# Nintendo 3DS Games



## JasonBurrows (Dec 18, 2015)

How many of the following Nintendo 3DS games from the image in the spoiler do you own?
I personally have 29 of the 50 in the image.



Spoiler


----------



## DarkDesertFox (Dec 18, 2015)

8.


----------



## Loriii (Dec 18, 2015)

36, if I'm not mistaken


----------



## FancyThat (Dec 18, 2015)

15 I believe.


----------



## Manah (Dec 18, 2015)

19.


----------



## okaimii (Dec 18, 2015)

Only 9.


----------



## nerdatheart9490 (Dec 18, 2015)

I have only 8. I think it's time to get some more XD


----------



## King Dorado (Dec 18, 2015)

have 9 of them.

so which ones do you rate the best out of that lot?  (top ten, in order?)


----------



## Alienfish (Dec 18, 2015)

I can't see it.. but I only own two 3ds games now anyways...


----------



## bloomwaker (Dec 18, 2015)

11, I believe? I've sold off a few games for time and budget reasons. I still have to play through Bravely Default (currently playing), Xenoblade Chronicles, and a few others. It doesn't help that I've replayed Fire Emblem Awakening a few times, and am currently playing Xenoblade Chronicles X, which is a huge time-eater.


----------



## Lancelot (Dec 18, 2015)

13


----------



## Neechan (Dec 18, 2015)

11


----------



## vexnir (Dec 18, 2015)

11, but I have some that are not in the picture. And for now it's enough for me because I still haven't even played half of MH4U.

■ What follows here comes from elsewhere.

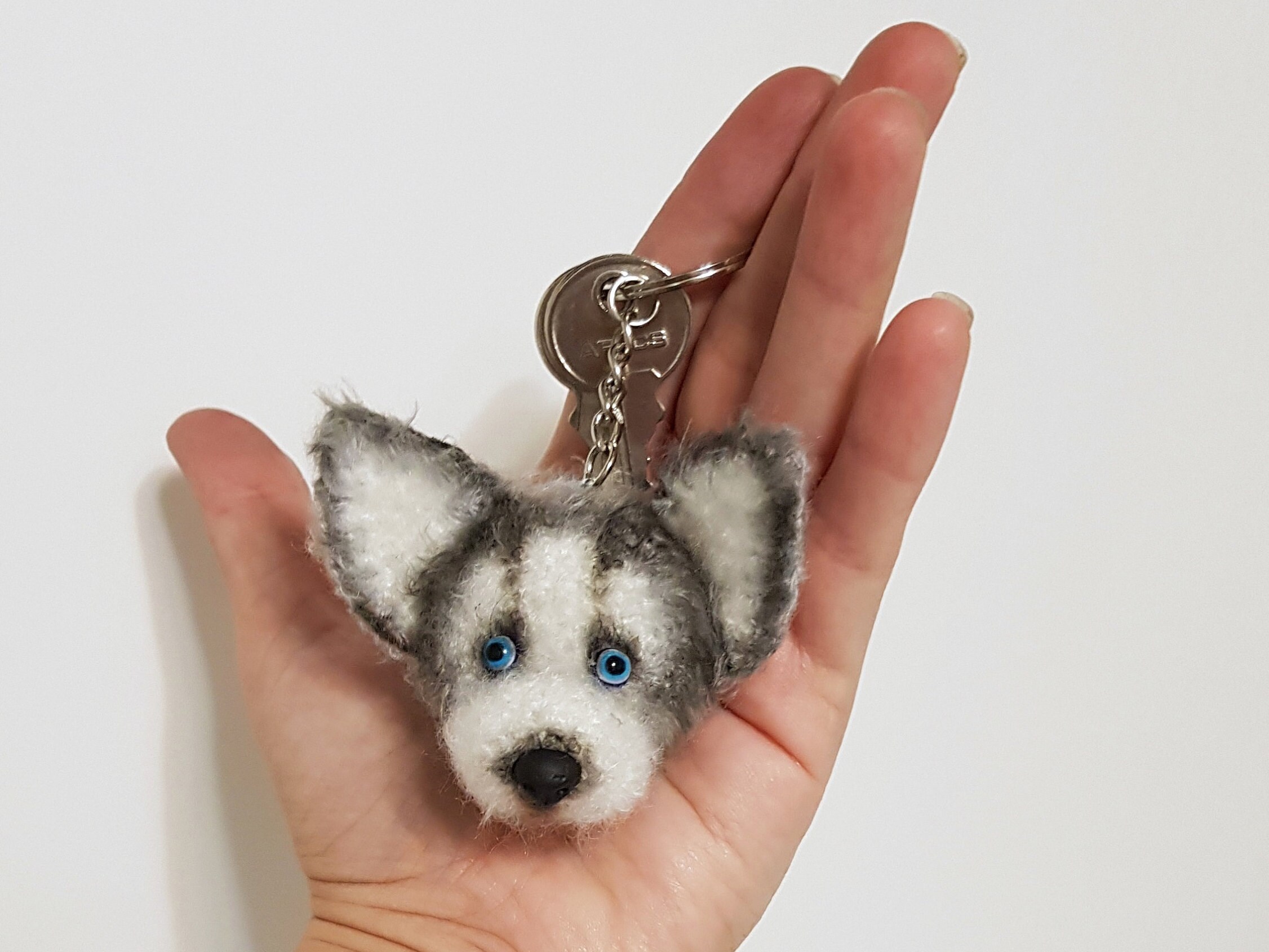 Custom Dog keychain . Husky. / Realistic dog's head / Etsy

(Though, if anything, I must buy MGS:SE because I've been trying to get around to doing it for a long time.)


----------



## matt (Dec 18, 2015)

24


----------



## Libra (Dec 18, 2015)

I have 8 of them. ^_^


----------



## DJStarstryker (Dec 18, 2015)

I have 13 of them. But I have a lot of games that are also not in that picture.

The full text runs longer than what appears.